ヒルクライムのコース脇に集う観客。雨が降っていない土曜日の午前中の写真で、まだ数が少ないが、日曜日は終日雨にもかかわらず観客は鈴なりとなった。
 この会場に足を運ぶ人々が楽しみにしているもの――。それはもちろん歴代の名レーシングカーを見ることであり、ドライバーやライダーの往年の活躍を彷彿させる雄姿を見ることである。さらには、クルマ好きにとってたまらないショップ群を覗き、参加自動車メーカーが設営するモーターショーのときのようなブースを訪れること。あるいはクルマ好き以外の人も楽しめるよう開催されている音楽コンサートを見ることなどだろう。
 そしてもうひとつ。レーシングカーを愛する者にとって欠かせない楽しみであるのが歴代の名車のエキゾーストノートを聴くことだ。

 情熱を注ぎ込んでつくり上げられたマシンは、人の心を惹きつけてやまないサウンドを放つ。ましてや、グッドウッドに集まった名車の多くは、レース史上で華々しい活躍を記したマシンである。往年のサーキットに、今耳にしているサウンドが喝采とともに響き渡っていたのかと思うと一層感慨深い。
 グッドウッドの会場では、参加マシンがタイムトライアルを行うヒルクライムのコース脇にたくさんの観客が鈴なりとなって集う。その数たるや相当なもので、人垣の後ろに位置する人からはおそらくマシンの姿は満足に見えないだろう。それでも彼らがそこを去らないのは、すぐ近くを通るマシンのエキゾーストノートに聴き惚れているからに違いない。エキゾーストノートに陶酔して佇む観客・・。グッドウッドを訪れると、英国の人々が相当なクルマ好きであることをあらためて思い知らされる。

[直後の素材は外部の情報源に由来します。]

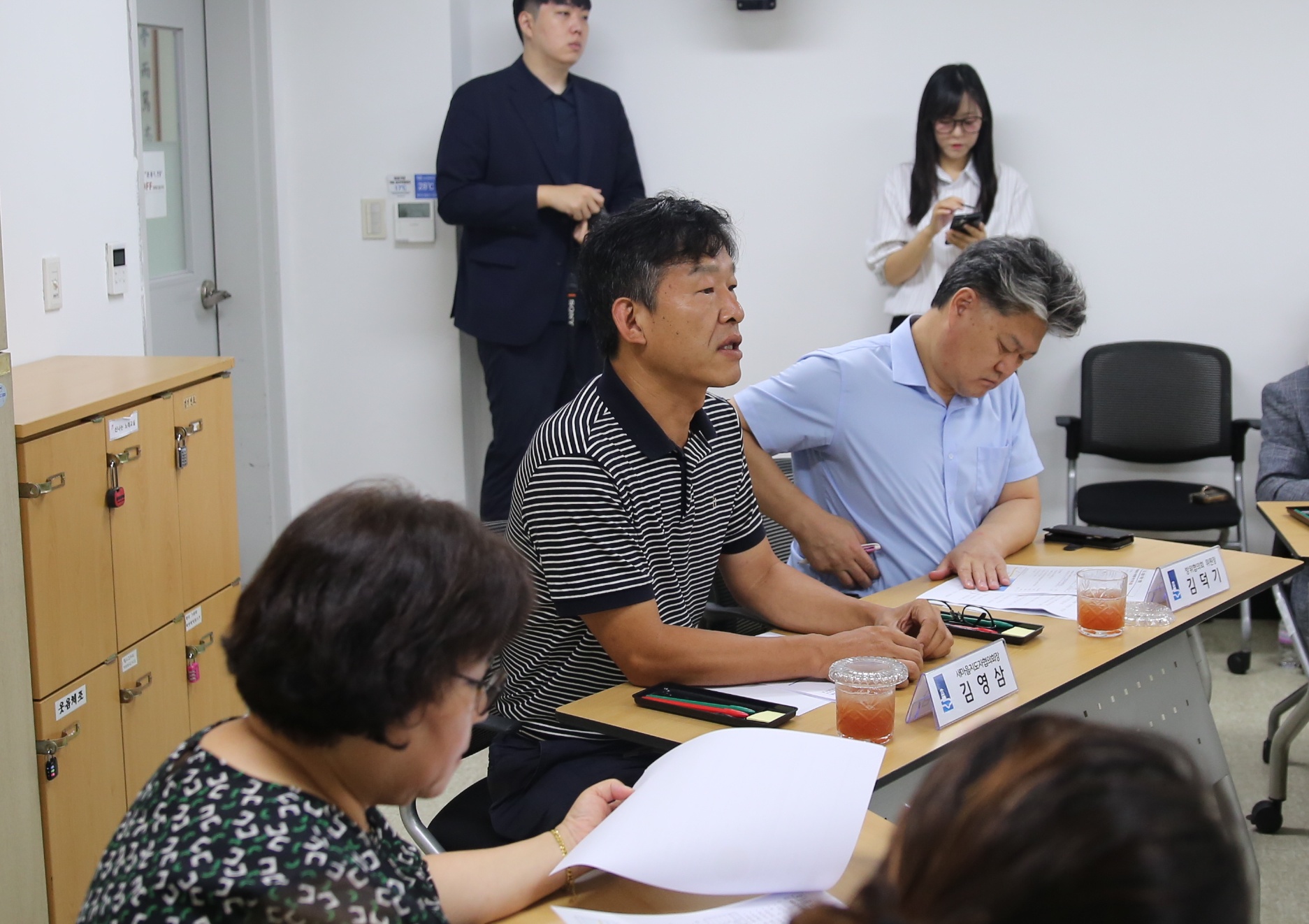 파장동 주민소통 간담회5번 사진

束の間晴れ渡ったグッドウッドの会場。観客は、疲れたら草に覆われた地面に座って休息を取る。
 グッドウッドでエキゾーストノートを楽しむ機会はもうひとつある。参加車両を保管するパドックで、ヒルクライム出走前にエンジンを暖機運転するときだ。各パドックともエンジン暖機時には多くの人が集ってくるが、なかでも圧巻なのがHondaのパドックである。Hondaのパドックには、唯一赤い絨毯が敷かれ、マシンがひときわ美しく展示されている。そこで放たれるエキゾーストノートは、独特のカン高い音色を持った“Hondaミュージック”であり、長年のレース史のなかで欧州のレースファンの心に刻まれているエキゾーストノートである。もちろん、レースファンでなくとも迫力のサウンドに圧倒され、エキゾーストノートに聴き入ったあと盛大な拍手がわき起こるのだ。これほど“聴衆”が盛り上がるのも、数多くあるパドックのなかでHondaならではの特徴。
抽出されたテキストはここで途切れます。